Although being hacked and sending unwarranted posts to hundreds of your followers is a horrible thought, don’t let it prevent you from utilizing social networks. Twitter, Facebook and other social network sites provide excellent tools for educators. Just play it safe by following the steps above.

For more information, visit Twitter’s Help Center.





Don’t Just Say No

Posted by Bob Blackney on October 26, 2009

Should we allow students to bring electronic files to school?  Every district faces this question.  What’s more, it’s an issue that does not warrant a simple yes or no answer because it pits two foundational goals against one another.

On one hand, we are educational institutions.  Our base purpose is to foster our students’ learning.  There is certainly educational benefit to students being able to move their files from home to school and back again.    Preventing access to external files makes learning more difficult for students and teaching more difficult for staff.

On the other hand, we have a mandate to provide a safe and secure environment for learning.  Free file exchange between home and school comes with serious risks.  Some students may bring inappropriate videos or photos.  Disgruntled students or pranksters may introduce viruses  or other malicious software.  Even the most responsible students may, by opening an innocent looking email attachment, spread malware that brings down networks and takes an already overworked technical staff weeks to locate and eradicate.

Districts have sought a secure, effortless and cost effective method to allow students to safely transfer appropriate files to and from school.  Unfortunately, most approaches are less than ideal.  Yet, without a secure technological solution, how do you balance the need for educational support and technological security?

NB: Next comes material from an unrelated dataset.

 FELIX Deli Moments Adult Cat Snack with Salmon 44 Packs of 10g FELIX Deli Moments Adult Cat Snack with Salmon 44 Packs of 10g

In Placentia-Yorba Linda Unified School District, we rely on the professional judgment of our site technology leaders.  They work with staff to analyze each situation thoughtfully and make daily decisions on student safety.  To maintain a balanced policy, site leaders work with teachers and other staff to consider factors such as:

  • Is there a compelling educational need to transfer files?
  • Are the students likely to use the resources well?
  • Can accessing district servers from home provide the needed resource?
  • Does the staff member making the request have the technical skills to assure it is used safely?
  • Is the educational pay off on the proposed activity worth the risk?

Weighing the nuances of the potential rewards and mitigating the district’s exposure to risk requires information, assistance and judgment.  Such deliberation is not unique to technology; the same process applies when considering the value of other proposals such as field trips, school assembly programs, or even tuning in to the President’s speech to students!

It is incumbent on technology leaders to help all staff members understand complicated technological issues as well as to be open to the needs of staff members.   We have relied on site staff for a number of years and have not had any serious issues to this point.  We trust, communicate, and partner with all staff to keep our network safe and our students learning.